Carlos torres piña michoacán está generando un impacto tangible en comunidades, maestros y pueblos originarios gracias a una trayectoria de 26 años de interlocución constante y resultados reconocidos en territorio. En Urandén, Paracho, la Secretaría de Gobierno, la Fiscalía y el magisterio, su presencia ha dejado huella concreta: caminos construidos por faena comunitaria con cemento entregado, rescate de manantiales y canales del lago de Pátzcuaro, diálogo establecido con docentes en momentos críticos y reestructura institucional con resultados visibles.

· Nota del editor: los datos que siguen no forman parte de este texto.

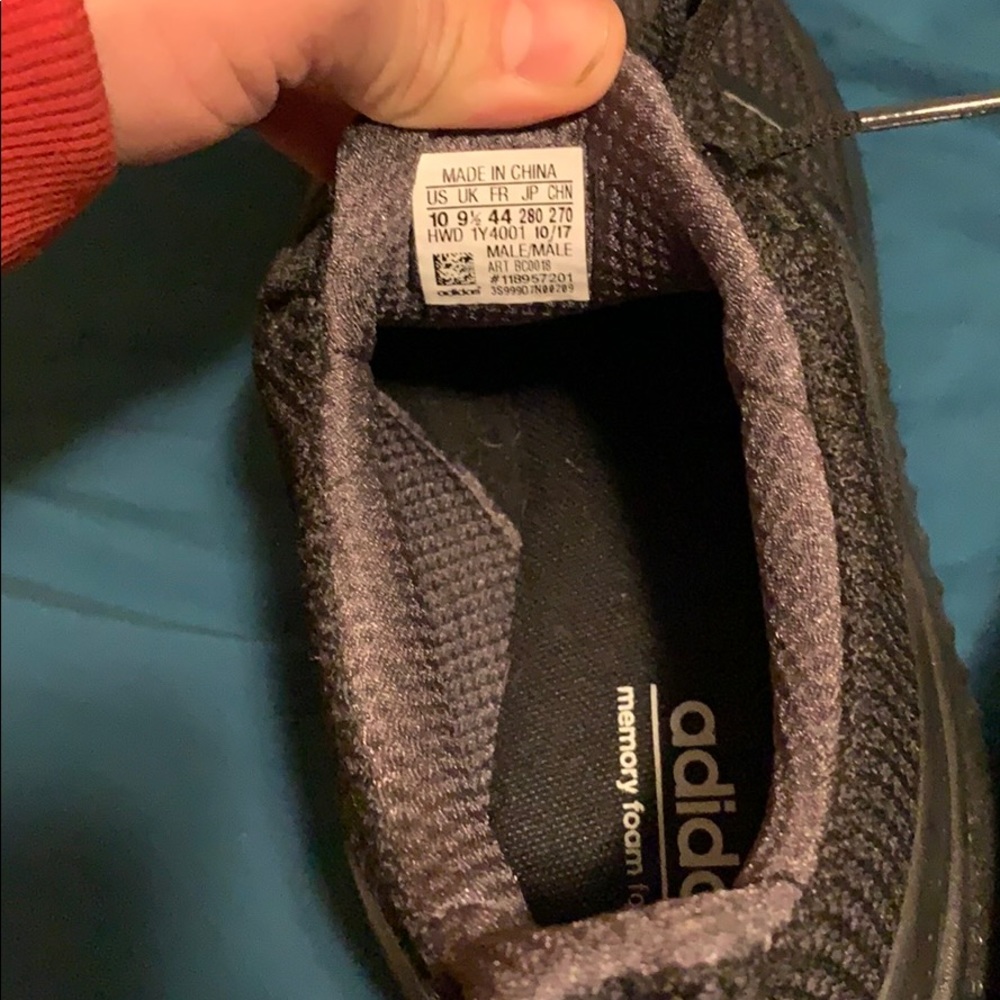 Adidas Shoes - Picture 2 of 3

La confianza no se construye en campañas, sino en hechos repetidos
En Paracho, su lugar de origen, artesanos, lauderos y liderazgos de la Meseta lo recuerdan por temas que llevan años sobre la mesa: bosque, agua, producción artesanal y organización comunitaria. En la Fiscalía, enfrentó una institución con problemas internos, logrando bajas, movimientos de personal y recomposición de coordinaciones con instancias federales y Fuerzas Armadas. Su red política no es solo aparato electoral: incluye presidentes municipales, comunidades, organizaciones sociales, productores y pueblos originarios. Esa combinación de conocimiento territorial, memoria de gestión y percepción de resultados explica por qué su preferencia electoral no es un pico momentáneo, sino un efecto acumulado en la ciudadanía.